Anti-Hindu attitudes are widespread among Pakistani cricketers, news anchors, preachers, artists, and other classes as the indefatigable @pakistan_untold handle has shown time and again. Such attitudes and casual anti-Hindu bigotry is mainstream in Pakistani society. Those who still root for Bharat-Pakistan cricket may have decided to bury their head in the sand and kill their conscience, but some of us still have humanity left in us.

The extra-friendly behavior of some players, such as our woke ex-captain, grates on the ordinary Bharatiya’s nerves. We see a Sikh player like Harbhajan Singh, despite his friendship with Pakistani cricketers, speak up against the abduction and forced conversion of a Pakistani Sikh girl, but not one ‘Hindu’ cricketer has uttered a single word in public about the daily abductions, rapes and murders of Pakistani Hindu girls?

These star cricketers pontificate to us Hindus on our festivals and some claim to do charity, but have they ever bothered to do something for the suffering Pakistani Hindu refugees? To his credit, Shikhar Dhawan is one cricketer who at least visited the Adarsh Nagar refugee camp in Delhi, but then again he seems unable to look beyond the superficial ‘Punjabiyat – Assi Tussi’ bonds to take a clear stand against Adharma.

Why we should look beyond cricket

The disconnect with cricket actually has gone deeper.
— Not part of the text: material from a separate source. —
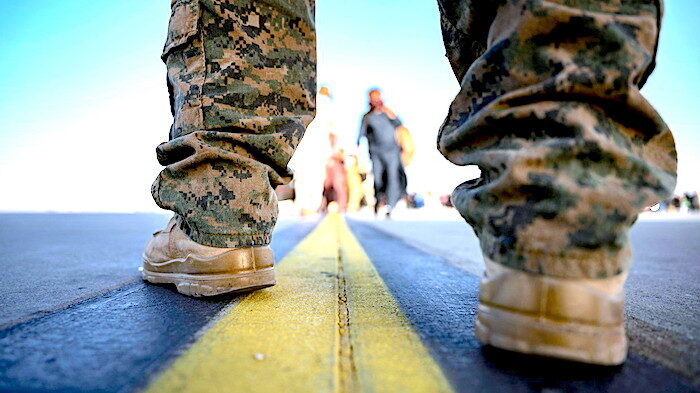 Click to enlarge US Marine and passengers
And no, its not for the usual fulminations trotted out by those yearning for a bygone era where cricket was a “gentleman’s game” (it never was), railing against commercialization, T20 etc. My reasons are very different.
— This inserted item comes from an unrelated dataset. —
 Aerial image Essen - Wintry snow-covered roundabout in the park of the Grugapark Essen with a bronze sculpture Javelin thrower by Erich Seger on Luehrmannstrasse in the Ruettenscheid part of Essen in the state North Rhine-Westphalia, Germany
We see Bharat being hated by the White cricket-playing nations for IPL’s success and for allegedly ‘bossing’ cricket. These same nations ran ICC like their personal fiefdom till 30 years back before Jagmohan Dalmiya broke their stranglehold. But they still monopolize key executive posts and insinuate that Bharat is ‘corrupting’ the game. White commentators’ patronizing attitudes and snarky comments about ‘dust bowls’, and labelling English green tops as ‘proper test of technique’ are not lost on anyone anymore. The days of Bharat swooning over Boycott’s Yorkshire accent and platitudes for Prince of Calcutta are over.
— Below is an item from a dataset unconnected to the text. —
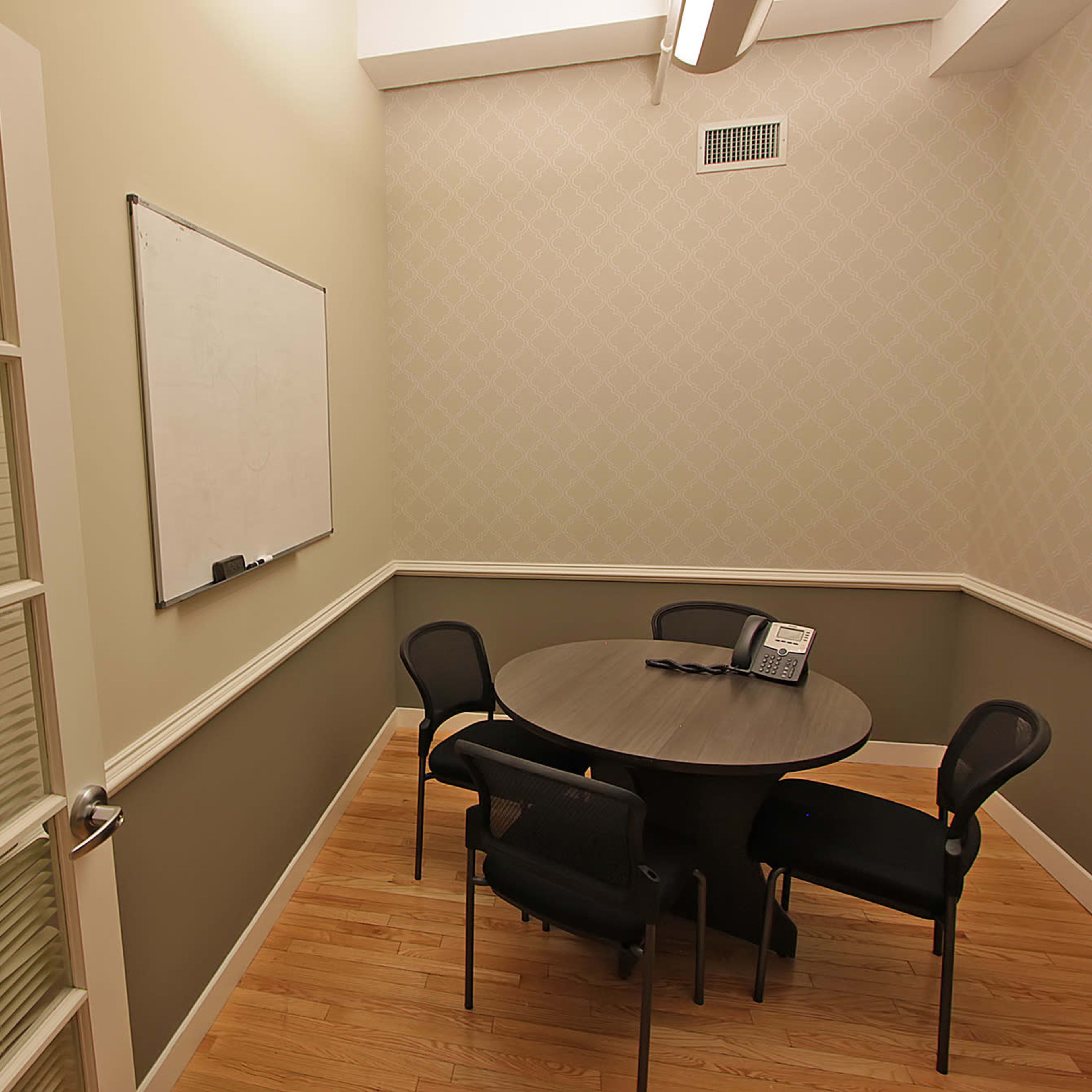 A small meeting room with a round table and four chairs, a whiteboard on the wall, and a telephone on the table.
We know what you think of us when you mock us for our accents, all the while playing the very IPL league that earns you millions! The racism bubbling under the surface is all too clear, and we now have a very clear idea of how bad it is behind closed doors and within teams where White players have historically held the upper hand.

The sickening way in which our elites fawn over ex-cricketers like Ponting who disgraced the game with their atrocious, quasi-racist antics is not lost on their own courageous cricket writers, but our spineless HINOs have no self respect and invite such ex-players back as IPL coaches, commentators and what not. Australians still go on and on about the Sydney test pretending as if they were the wronged ones! Our media outlets still run to Pakistani cricketers for their inane bytes on Bharatiya cricket.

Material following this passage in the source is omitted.